The arithmetic of financial interest

Does confusion marketing actually exist? The issue has been given new piquancy as result of a damning report by the Commons Treasury Select Committee on the retail activities of the high street banks and credit card companies.

The MPs – latest in a long line of august officials to savage financial services for their impenetrability – certainly weren’t in a mood to take prisoners. They roundly condemned the big four banks for profiteering; hoodwinking customers by resorting to arcane interest calculations; and abysmally failing to rectify matters after previous criticisms of the same kind.

The charge-sheet is certainly comprehensive, and suggests more than a hint of deliberate intention, yet it falls well short of portraying a serious and systematic conspiracy by the financial services community. A more compelling alternative explanation for the status quo is that consumer unwillingness, or inability, over the years to engage in what are often quite complex or boring product offers has forestalled the need for transparent, competitive reform within the sector.

In this, retail financial services shares a common heritage with other sectors often deemed culpable of confusion marketing – for instance utilities and telecoms. All of them display a tendency towards inside-out product-focused marketing, whose benchmark is minute functional differentiation with the competition rather than a genuine concern for what the end-user may want. Put another way, it’s the reason why advertising creatives often complain that, if you put your thumb over the logo, you would be hard pushed to tell one financial services ad from another.

But change, often falsely heralded in the past, may at last be on the way. The first portent was the dot-com revolution. Though in most instances it proved fool’s gold, where financial services are concerned it has bequeathed some lasting benefits. In a general way, it has furnished Web tools which enable individual customers to compare and contrast a vast array of product advantages (however minute) at the touch of a button. More specifically, it has spawned Internet banks, which though mostly subsidiaries of existing bricks and mortar institutions, has introduced a measure of product innovation and internal competition on interest rates within the sector.

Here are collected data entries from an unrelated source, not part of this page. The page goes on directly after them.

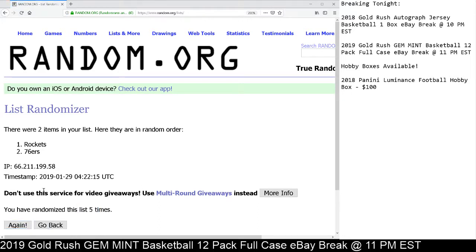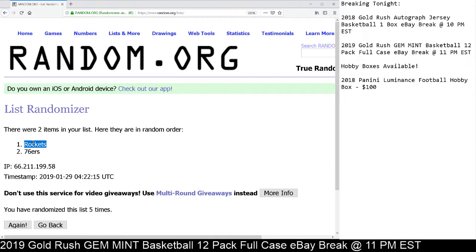And there it is, five times. Congrats to the Rockets. You are the winner of the 2016-17 Contenders Draft Fix, Collegiate Connections, Ben Simmons, Tim Quarterman, 9-5 Gem Mint. Thank you so much.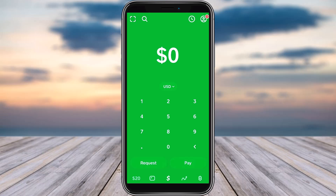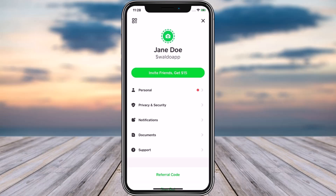First, go ahead and open up your Cash App. Now simply tap on the profile icon given on the top right corner. Then your profile is going to open up — all you gotta do is scroll down to the bottom.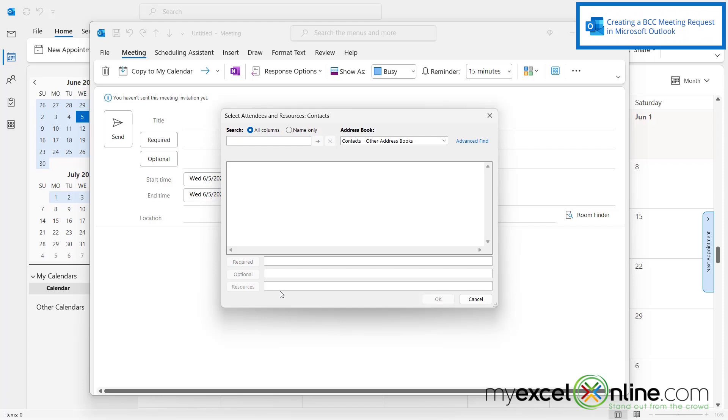So just say I want to invite my boss at myexcelonline.com. If I type this in here under the resources field, this email address will actually get an invite to the meeting that acts in a similar way to blind carbon copying someone on an email.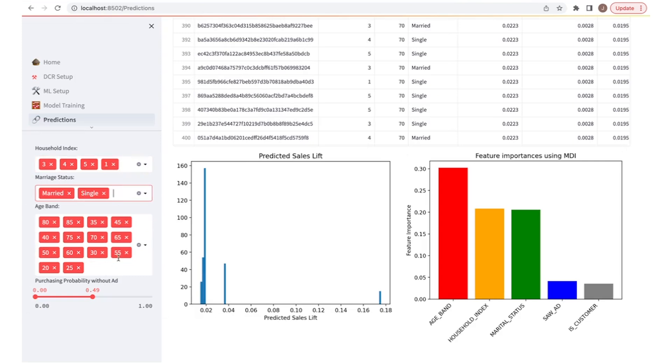And down here we have the purchasing probability without an ad, so that we can only target customers that are unlikely to make a purchase without the ad campaign.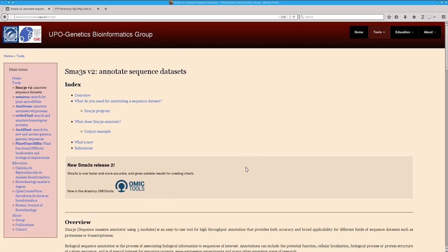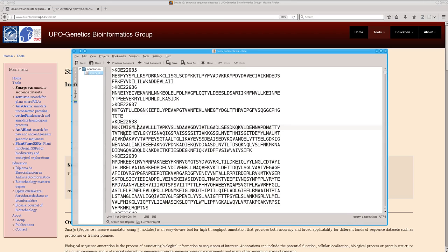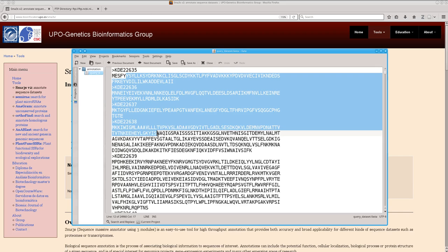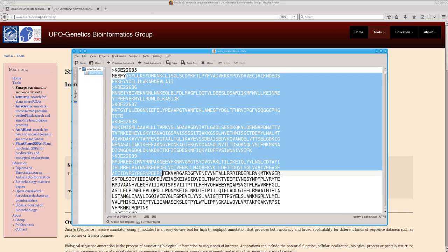Hello, this video tutorial is an introduction about how to use SMAS3s to functionally annotate large sequence datasets. First, we need a FASTA file with the query sequences to annotate. Here you have an example with the different identifiers and the amino acid sequences to annotate.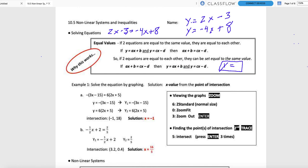Here's my first example: solve the equation by graphing. The solution is just going to be the x value — these are one-variable equations. We're going to find the point of intersection and just take the x value. I've got a negative on the outside that I'd normally distribute, and I'd normally distribute that 6, then collect x terms on one side, and constants on the other.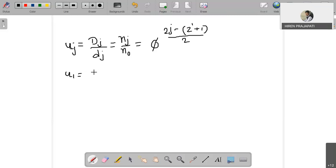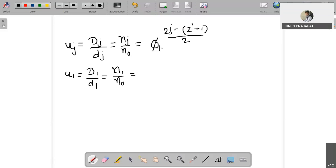For the first pulley combination, u1 = D1 / d1 = n1 / n0. Using the ray diagram or speed chart, or by substituting j = 1 and z' = 4 into the equation, this ratio equals phi raised to the power of minus 1.5. This first combination gives us a reduction in speed, indicated by the negative exponent.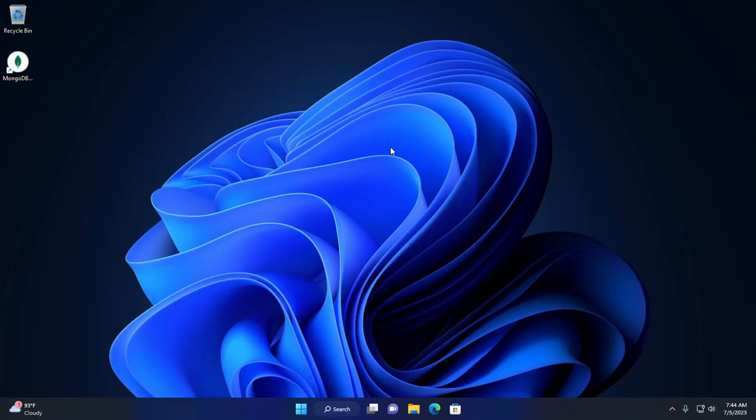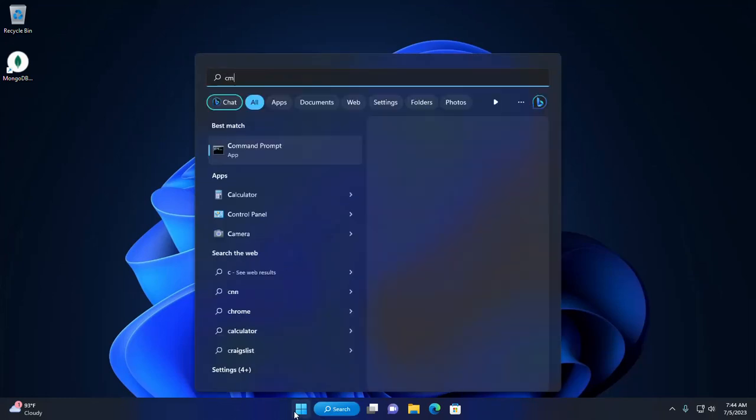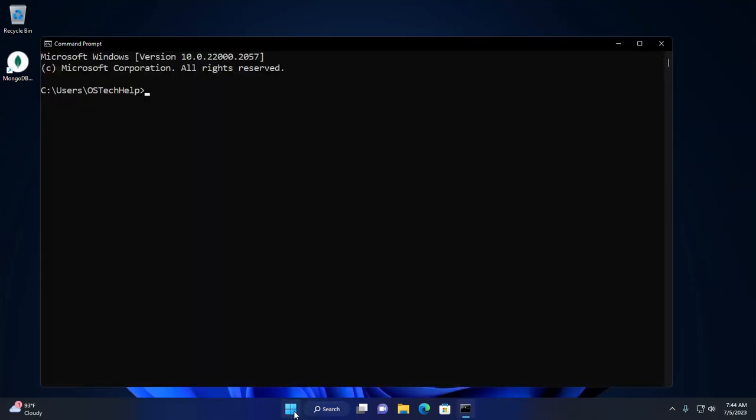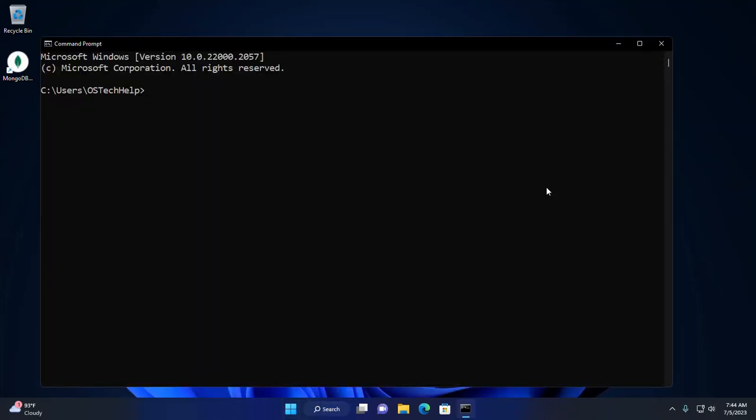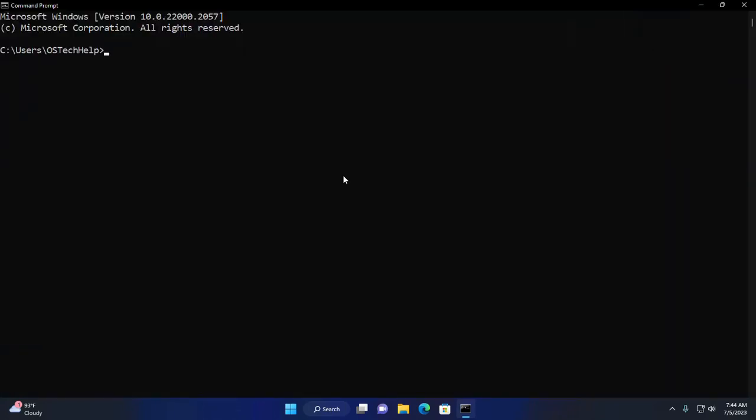First, open Command Prompt and check the current installed version of npm. Run this command: npm --version.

The trouble with Internet banks, however, is that they tend to cater for a limited number of relatively high net-worth individuals, leaving the mass of the banking public unmoved. A more potent catalyst of change is likely to be a steadily growing consumer alienation (and even mild outrage) caused by the cascade of financial services scandals now coming to light. This is no media-fanned storm in a teacup, but a matter of deepening concern for anyone requiring a pension within the foreseeable future. Given the progressively ageing UK population and the decaying pot of public provision, politicians will be keen to make as much capital out of the scandals as possible, if only to deflect attention from themselves. The Sandler and Pickering reports are merely a beginning.